#### Work instructions
Beginning with the line where "SKLUM Bicorp Eisen-Wandleuchte Vergoldet" appears, please restate each line of the records below word for word until the last one, inclusive, and nothing else.

BEGIN

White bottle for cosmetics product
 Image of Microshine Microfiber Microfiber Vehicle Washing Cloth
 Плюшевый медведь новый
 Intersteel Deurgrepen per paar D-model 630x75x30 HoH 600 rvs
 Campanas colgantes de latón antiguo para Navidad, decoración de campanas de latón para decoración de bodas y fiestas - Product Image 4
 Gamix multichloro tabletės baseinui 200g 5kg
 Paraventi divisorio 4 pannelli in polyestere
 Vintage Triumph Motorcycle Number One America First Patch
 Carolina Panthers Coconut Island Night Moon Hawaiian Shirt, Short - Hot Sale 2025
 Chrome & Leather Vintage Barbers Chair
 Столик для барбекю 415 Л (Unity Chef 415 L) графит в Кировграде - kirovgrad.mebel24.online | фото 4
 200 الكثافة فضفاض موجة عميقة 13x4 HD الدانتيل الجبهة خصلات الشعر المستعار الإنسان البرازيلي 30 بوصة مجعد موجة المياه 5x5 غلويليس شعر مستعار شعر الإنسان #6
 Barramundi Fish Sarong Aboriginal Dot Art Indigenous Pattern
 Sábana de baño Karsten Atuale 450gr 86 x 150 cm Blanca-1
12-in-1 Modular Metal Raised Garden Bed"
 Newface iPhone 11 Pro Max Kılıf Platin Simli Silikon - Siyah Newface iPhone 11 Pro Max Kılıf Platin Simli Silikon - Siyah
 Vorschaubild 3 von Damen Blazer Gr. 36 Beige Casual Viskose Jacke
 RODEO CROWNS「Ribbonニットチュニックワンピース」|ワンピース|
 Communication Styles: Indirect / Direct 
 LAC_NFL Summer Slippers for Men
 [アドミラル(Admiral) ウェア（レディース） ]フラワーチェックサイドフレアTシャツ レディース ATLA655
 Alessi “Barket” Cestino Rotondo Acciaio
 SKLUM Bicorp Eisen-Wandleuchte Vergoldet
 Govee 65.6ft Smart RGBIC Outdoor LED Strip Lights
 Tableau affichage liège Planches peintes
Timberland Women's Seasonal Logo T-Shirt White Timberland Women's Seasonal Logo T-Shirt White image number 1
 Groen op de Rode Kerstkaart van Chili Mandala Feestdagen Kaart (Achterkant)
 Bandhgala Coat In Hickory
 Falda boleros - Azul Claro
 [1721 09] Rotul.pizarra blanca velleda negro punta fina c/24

END

#### Task output
 SKLUM Bicorp Eisen-Wandleuchte Vergoldet
 Govee 65.6ft Smart RGBIC Outdoor LED Strip Lights
 Tableau affichage liège Planches peintes
Timberland Women's Seasonal Logo T-Shirt White Timberland Women's Seasonal Logo T-Shirt White image number 1
 Groen op de Rode Kerstkaart van Chili Mandala Feestdagen Kaart (Achterkant)
 Bandhgala Coat In Hickory
 Falda boleros - Azul Claro
 [1721 09] Rotul.pizarra blanca velleda negro punta fina c/24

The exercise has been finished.